Data supplied:
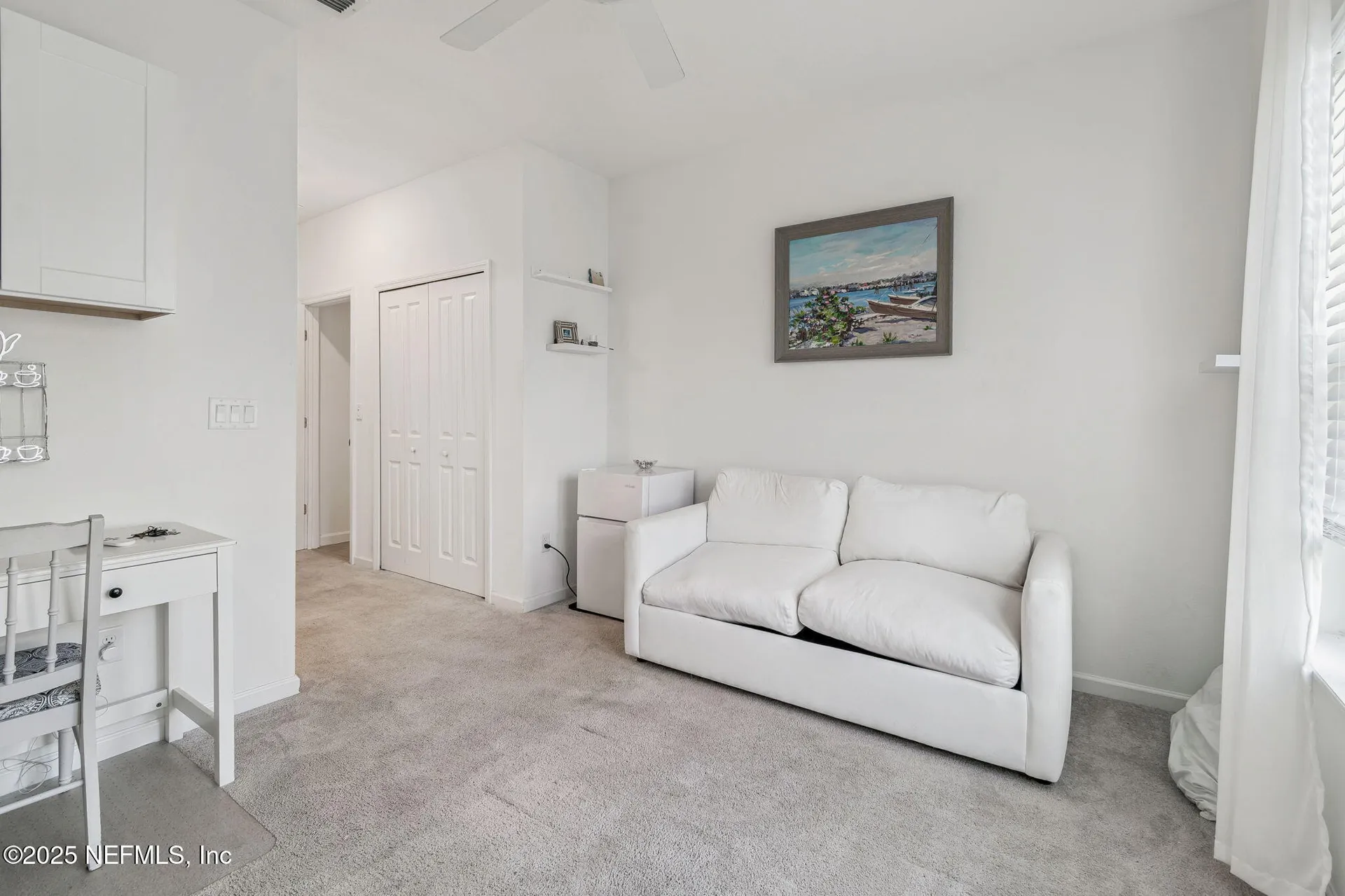 84651 Balsam Court Fernandina Beach FL 32034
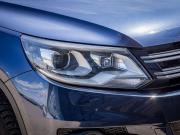 Volkswagen Tiguan I Рестайлинг Казань  - изображение 19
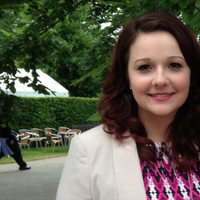Katie Cundell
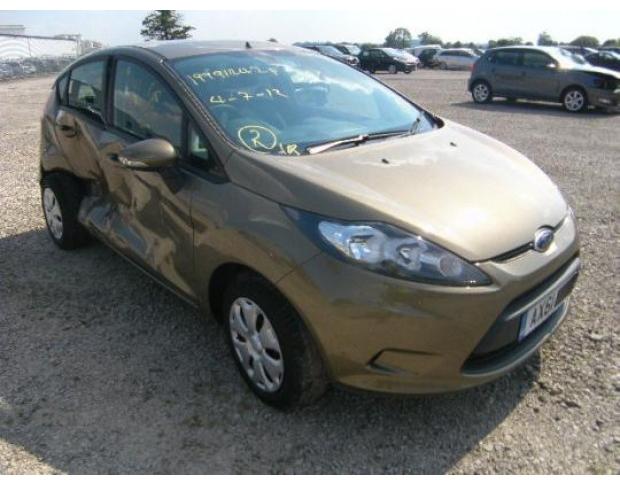 vindem piese auto ford fiesta 1600tdci
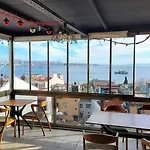 Marmara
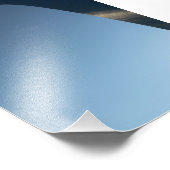 ミズーリ州セントルイス、ゲートウェイアーチ フォトプリント            (角)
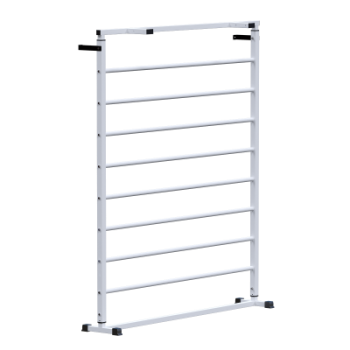 �������� ������ ������� 2400 Sabirgym SG303 ��� ���������� �����, ������������ � ������������� - V-SPORT ��������� ���� ARMSSPORT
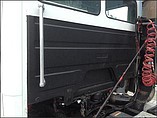 FREIGHTLINER FL112 Photo #6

Your assignment:
Return each record as written, minus its images.

Output below:
 84651 Balsam Court Fernandina Beach FL 32034
 Volkswagen Tiguan I Рестайлинг Казань  - изображение 19
Katie Cundell
 vindem piese auto ford fiesta 1600tdci
 Marmara
 ミズーリ州セントルイス、ゲートウェイアーチ フォトプリント            (角)
 �������� ������ ������� 2400 Sabirgym SG303 ��� ���������� �����, ������������ � ������������� - V-SPORT ��������� ���� ARMSSPORT
 FREIGHTLINER FL112 Photo #6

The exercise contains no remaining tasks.